荷馬車の荷台で光を放っていたのは“未来を見た旧人類の産物”(別名“擬似の残物”)の1つである“太陽の巻物”。人工太陽の効力を封じ込めた巻物で魔力を送り込む事で荷馬車の周囲を明るく照らせる程の光を発するこの巻物は真っ暗な大地を移動する調査班にとっては非常に有難い存在であった。
「“ガイア”も私達同様に引き返してたらしいわ」
伝達魔法で受け取った内容をキョウカはメンバーにすぐに共有した。
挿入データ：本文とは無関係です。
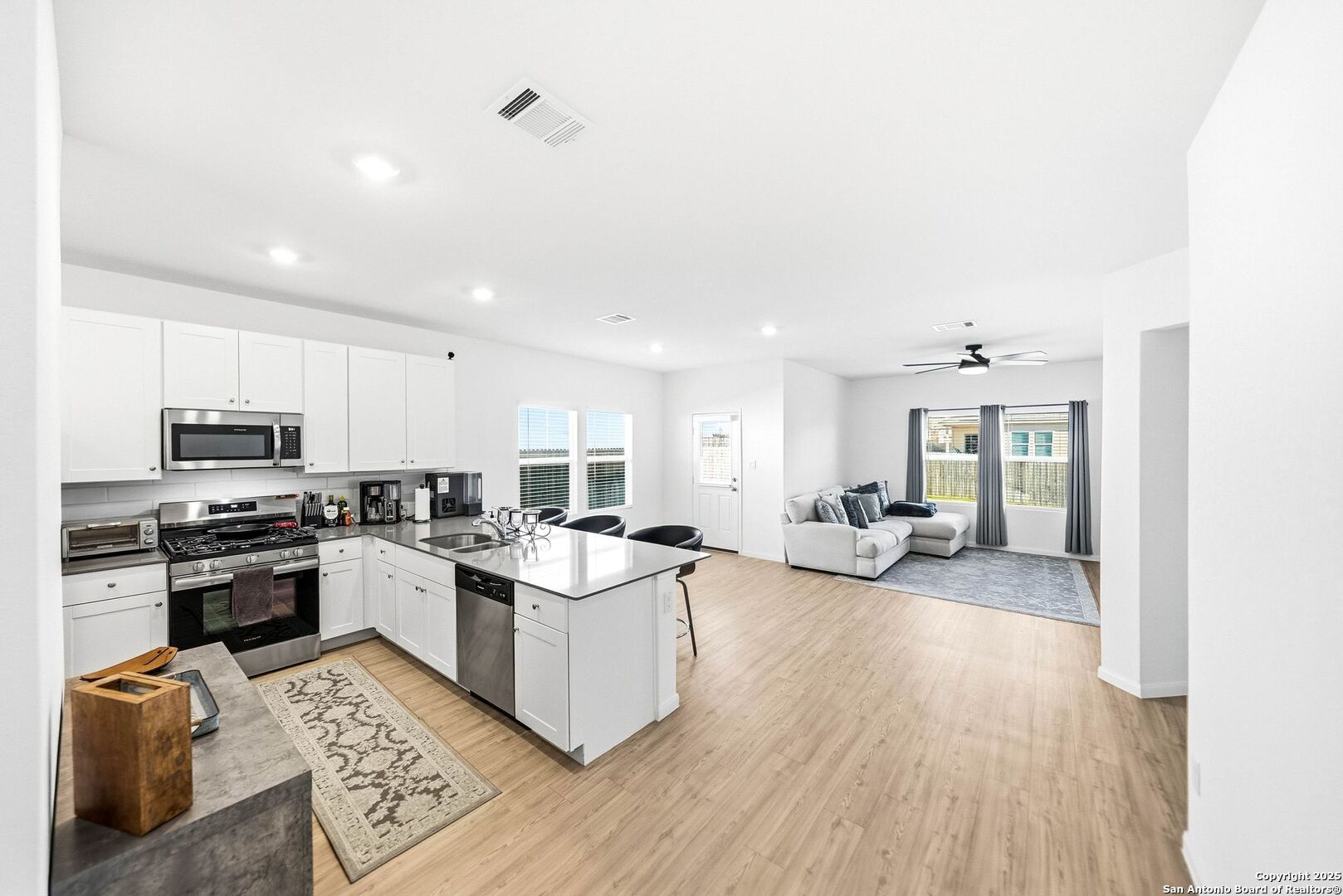 31940 Native Sun Road Bulverde, TX 78163 - Photo 8 of 56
すると班の軍略担当のルークは“ガイア”がルーカスの古巣である“第04調査班”の事を指してる事を理解した。
「彼らが向かったのは第二よりも国に近い第三駐屯地。風操作魔法使いが居る可能性を踏まえると、僕達よりも速く着く可能性が高そうだね」
「“軍略さん”は読みが鋭いなぁ〜。けど、彼処の班長は生真面目の塊の様な男だ。うちの班長さんみたく、戦闘を避けるって事はしないからなぁ〜あ」
「となると、逆に国の近くでわざと交戦して侵攻する戦力を少しでも減らそうとするかもしれませんね」
“未来を見た旧人類の残物”の1つである精霊笛“エスピリトゥピト”を使える08調査班唯一の未成年の女班員であるデュースはルークとは違った見方で先の事を分析した。
するとルーカスはデュースから視線を逸らすと再びベストポーチから双眼鏡を取り出すと魔力を注入し、視界を確保すると辺りを偵察した。
「!」
「?、どうかしましたか?」
「10時の方向!。ブラボー型2体!」
「え⁈」
ルークは素早く双眼鏡を展開するとルーカスがスポットした方にレンズを向けた。
「・・・此方にはまだ気が付いて無いね」
ルークはそう言いながら双眼鏡を降ろした。するとルーカスは双眼鏡を覗き込んだままキョウカに指示を求めた。
「仕掛けるに決まってるだろ。なあ班長さん!」
「・・・いいえ。此方に気が付いてないなら、帰還を優先します。あの四足歩行型が、国に向かっているとは限りません」
そう言ったのち双眼鏡を降ろしたキョウカは双眼鏡への魔力注入を止めるとポーチにしまったのち前を向いた。
「....」
「ゼルトナーさん。今は」
「シャル〜。・・・分かってるよ」
荷馬車担当兼班長補佐のシャルロッテの言葉を遮る様に返事を返したゼルトナーはシャルロッテの露出した胸の谷間から視線を前に戻すと僅かに表情を歪ませた。
「・・・」
「ルーカスさん?」
「....確かに、今は帰投を優先すべき、か....」
そう呟いたルーカスは双眼鏡をポーチにしまうとルーカスは前を向いた。